All of the data, except its images, should be set down exactly as it appears.
::: Records supplied
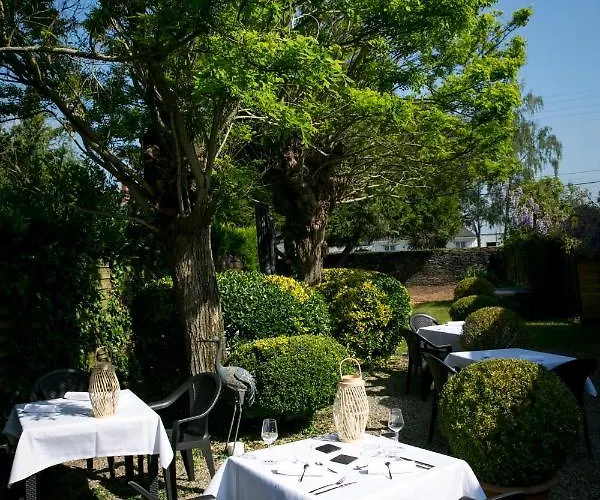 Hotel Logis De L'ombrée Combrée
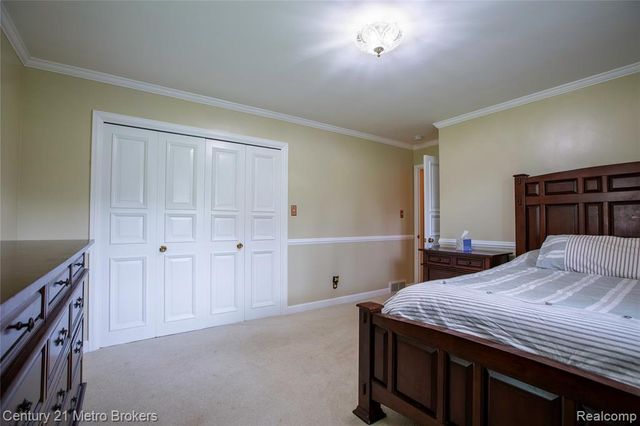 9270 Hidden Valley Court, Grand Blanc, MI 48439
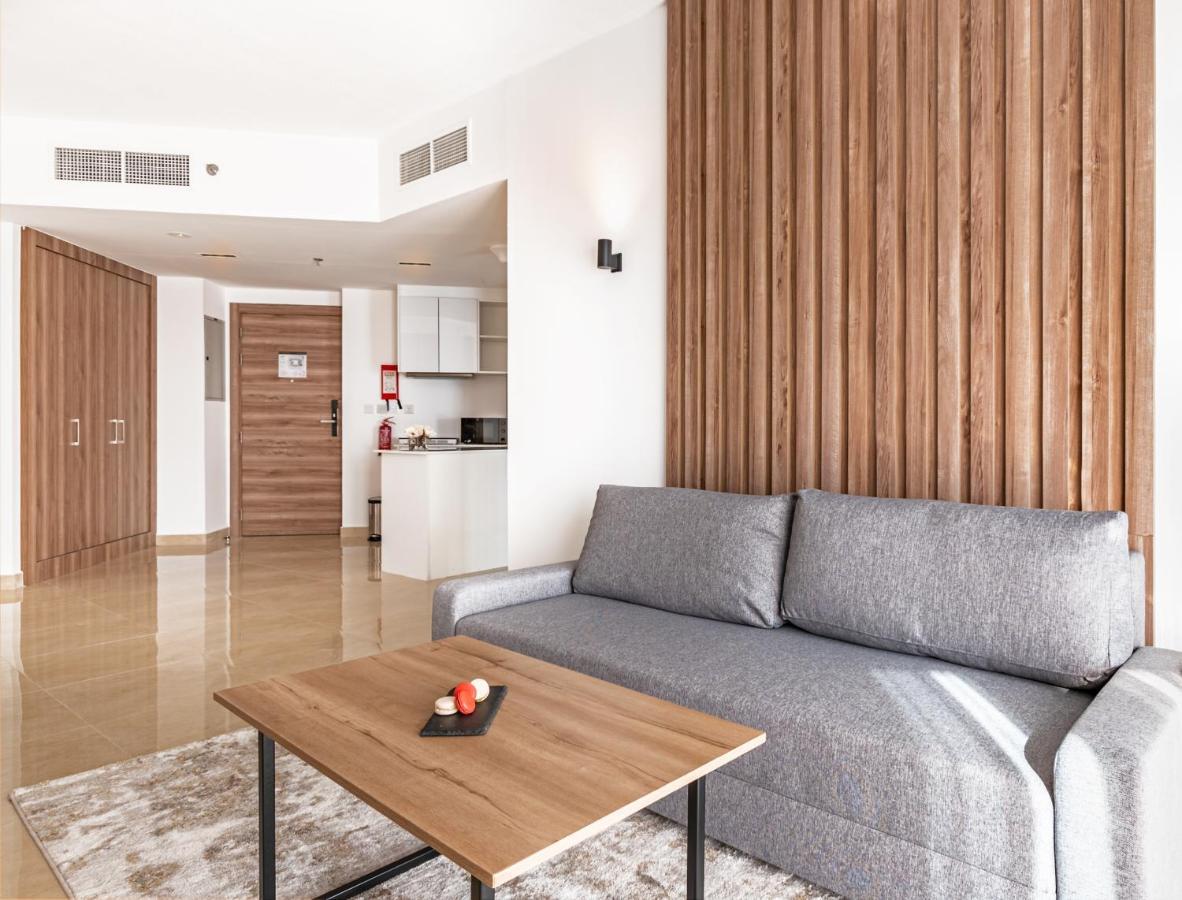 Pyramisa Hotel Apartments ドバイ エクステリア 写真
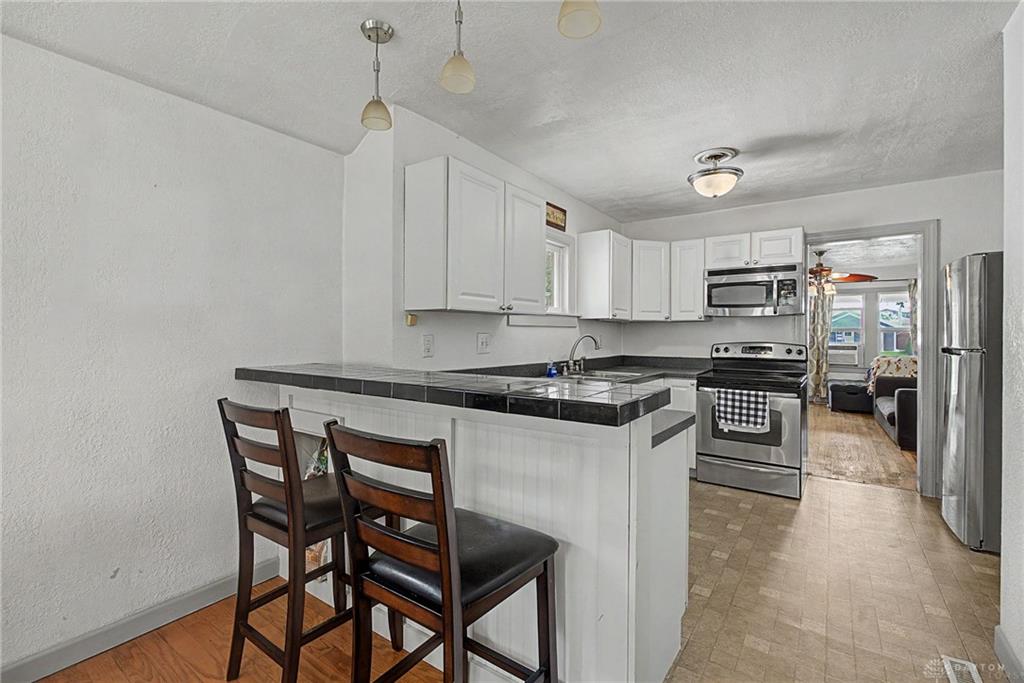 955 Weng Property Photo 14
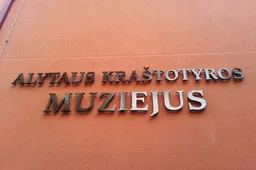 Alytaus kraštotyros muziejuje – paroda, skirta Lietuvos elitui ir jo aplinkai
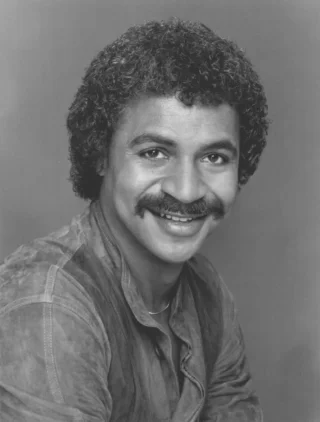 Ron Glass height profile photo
::::::
--- Answer box ---
 Hotel Logis De L'ombrée Combrée
 9270 Hidden Valley Court, Grand Blanc, MI 48439
 Pyramisa Hotel Apartments ドバイ エクステリア 写真
 955 Weng Property Photo 14
 Alytaus kraštotyros muziejuje – paroda, skirta Lietuvos elitui ir jo aplinkai
 Ron Glass height profile photo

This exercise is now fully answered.